Seriously, who came up with this shit 😭
Imagine you are reading this aloud, you can’t know how to pronounce the second “read” until you get to “yesterday”. Schrödingers pronunciation.
Actually, you’re right, I didn’t even think about it
If I wrote “I love to read, I read an interesting book every day”, then the way you say the latter ‘read’ shifts from my original example, and it depends on context that comes later in the sentence
Wack
Uh, that is pronounced “lead”. You’re welcome.
For those illiterates who need a clear example, “lead lead lead.” Simple geography.
though thoughts are tough.
“Thogh thaughts are tuff,” in a more blessèd timeline.
I once heard from a friend learning French that the way to say that you are in the process of doing something literally translated to ‘I am on the train to [doing the thing]’. Is that correct?
Native here, yep it is correct and idiomatic. “Je suis en train de [faire la chose]”
it would seem like that because the words are the same, but in the locution “en train de [verbe]”, en train has the 15th century meaning of “in action”, “in movement”, this predates the invention of the railroad :)
Wait, woah, so the term ‘train’ is from the French word for ‘action’ or ‘motion’, essentially? That’s kind of a dub.

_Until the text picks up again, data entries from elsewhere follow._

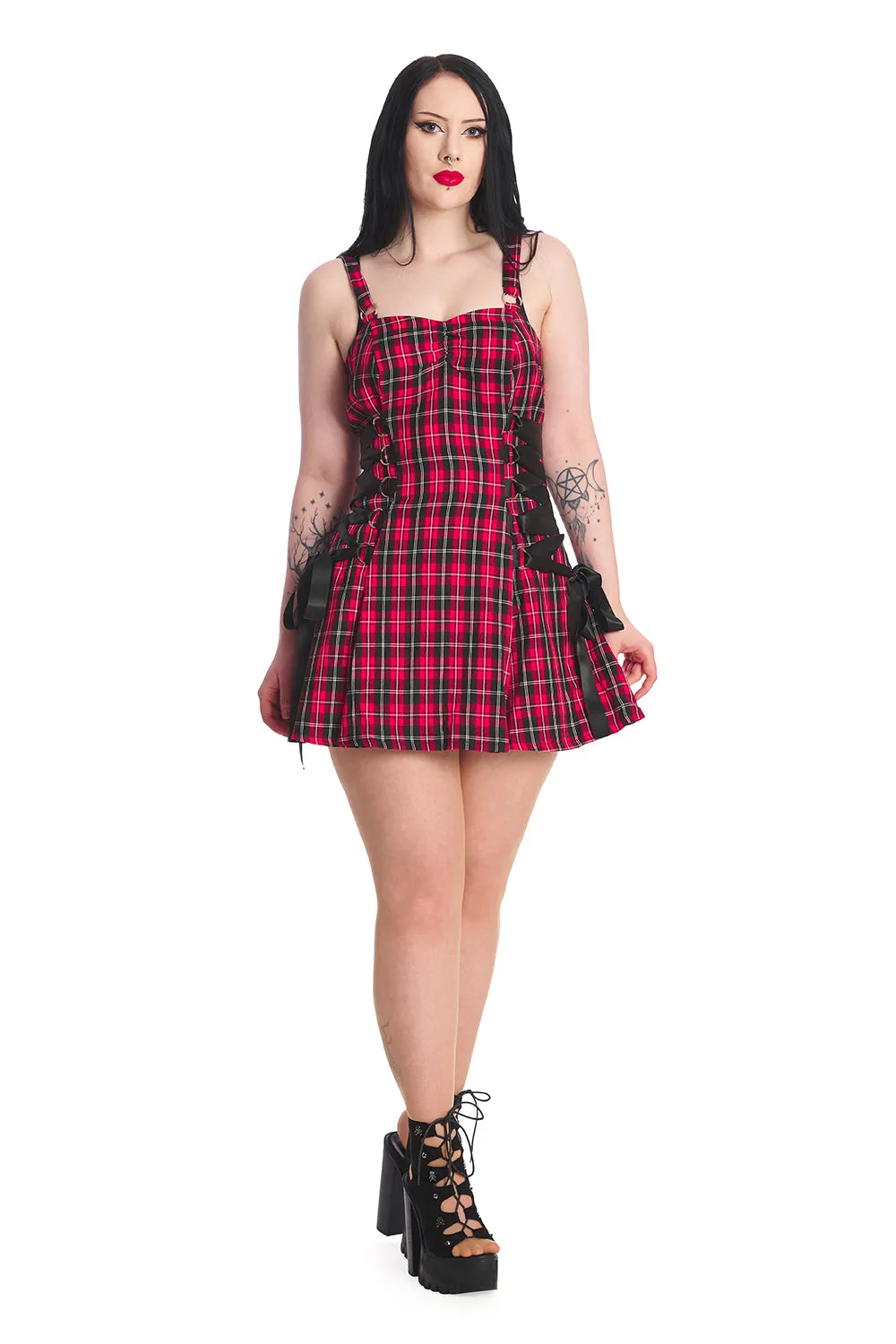 KLONDIKE LACE UP DRESS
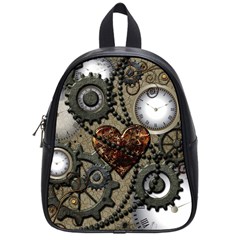 Steampunk With Heart School Bags (Small) 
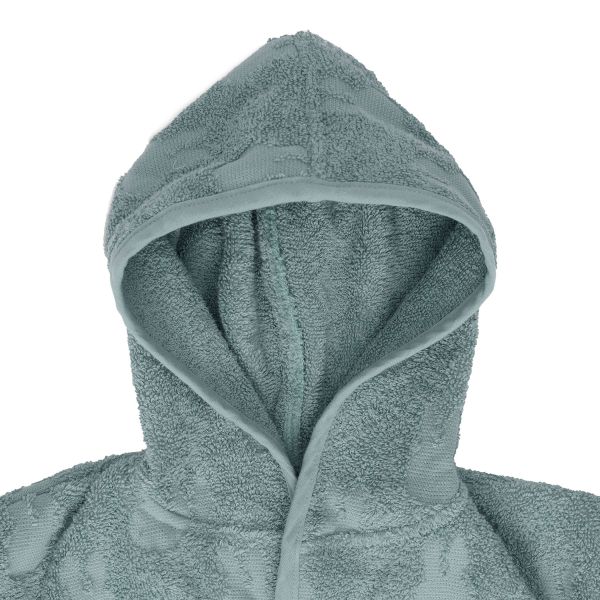 Jollein Miffy Jacquard Badjas - 3-4 Jaar - Badstof - Sea Green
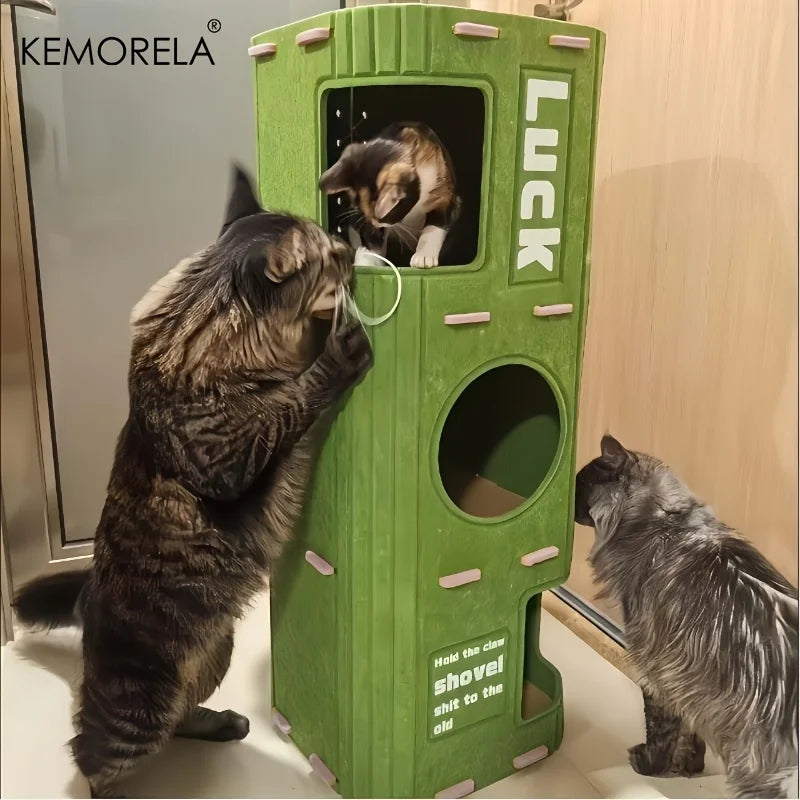 3D Tree-Shaped Luxury Cat Condo & Cave | Breathable Felt Indoor Play Tower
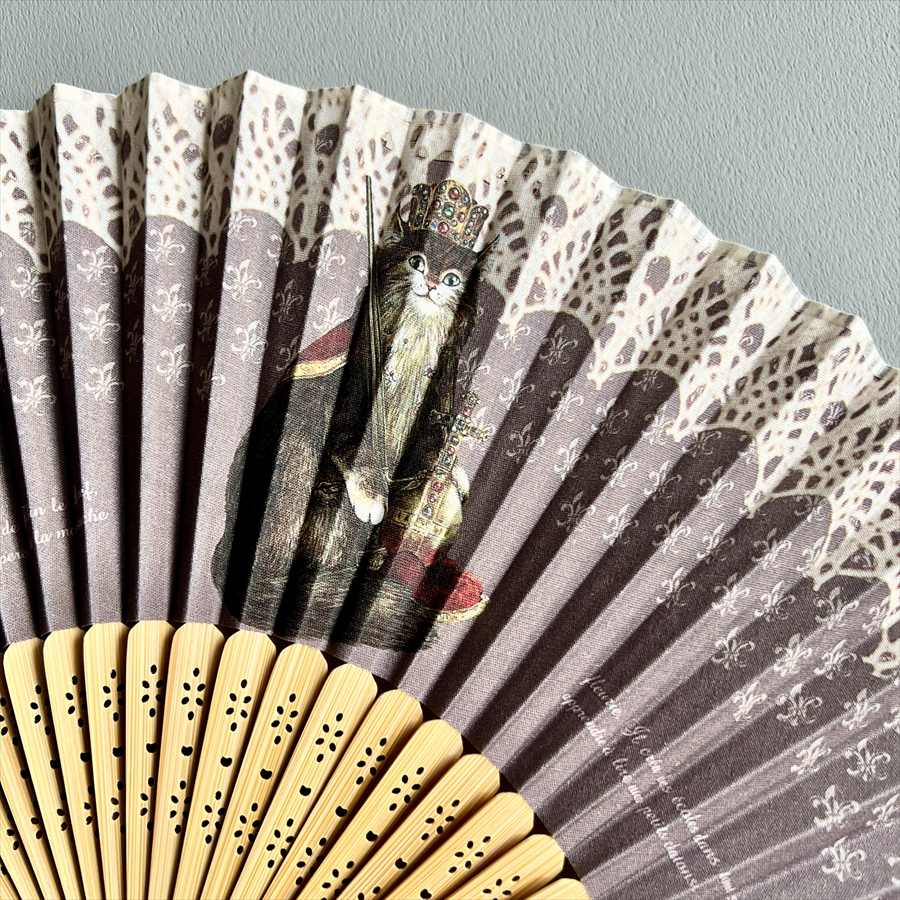 セブリーヌキャット ケース付き 扇子
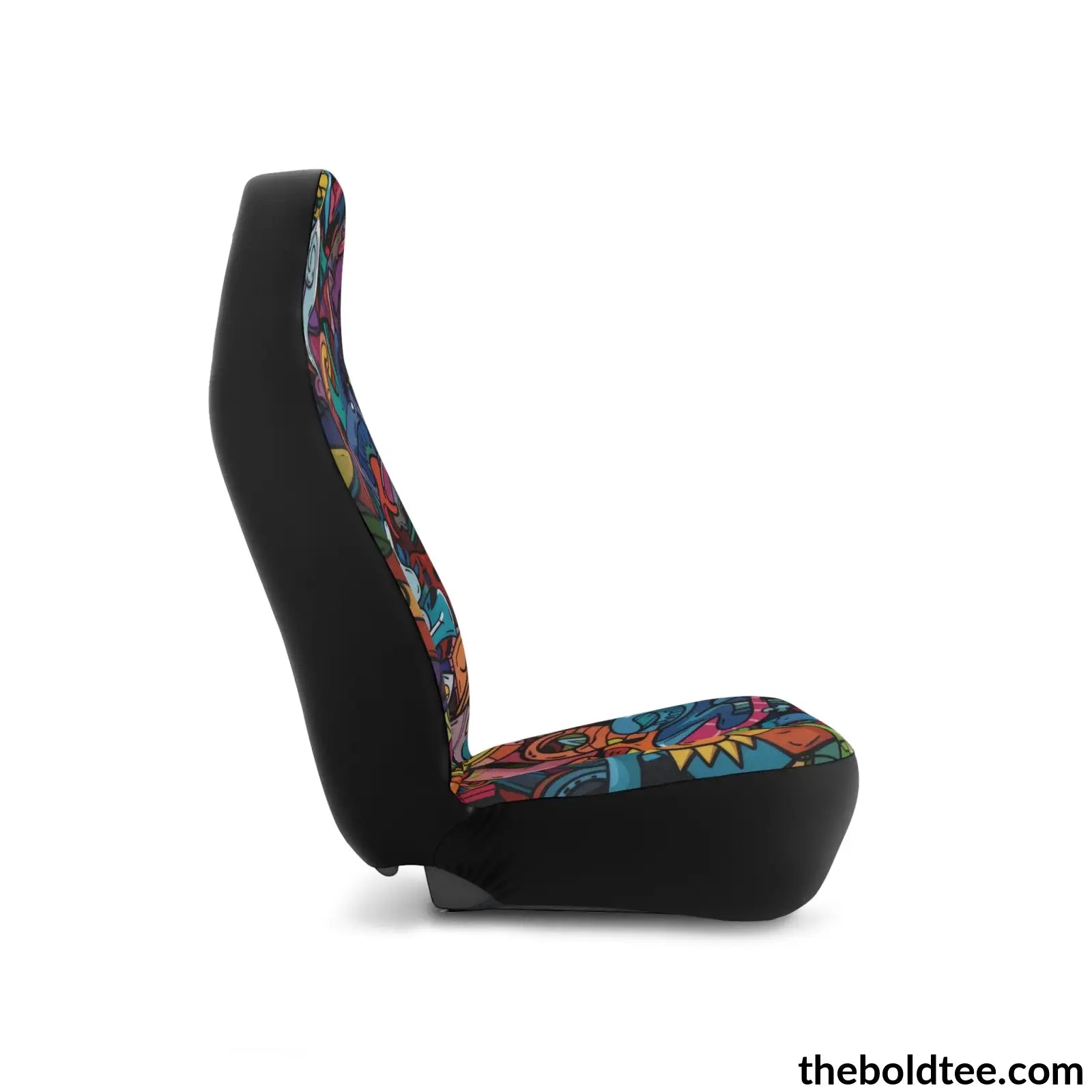 Graffiti Car Seat Covers (2 Pcs.) All Over Prints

originally, as a noun, “le train” is “the going motion” of a horse, a human, it’s still used in “arrière-train” to designate the back legs of a quadrupède. “Aller de bon train” = to walk briskly.
In automotive, the “train avant” and “train arrière” are the front and rear axles.
There are other expressions like “le train-train quotidien”, meaning the daily grind.
I’m well on the way to writing that report, boss
Our company is on the road to developing those features
I’m on the path to forgiving you
I’ve lost my train of thoughts
That saying actually predates railroad trains, which were called that because a train meant “that which is drawn along”
French toast
French don’t know about French toasts.
We know it, it’s called pain perdu.
You call it ‘lost bread’?
It use to be a way to not waste stale bread. Nowdays, it’s mostly a fancy dish using freshly made brioche.
Yup, it’s a way to use old bread instead of letting it go to waste.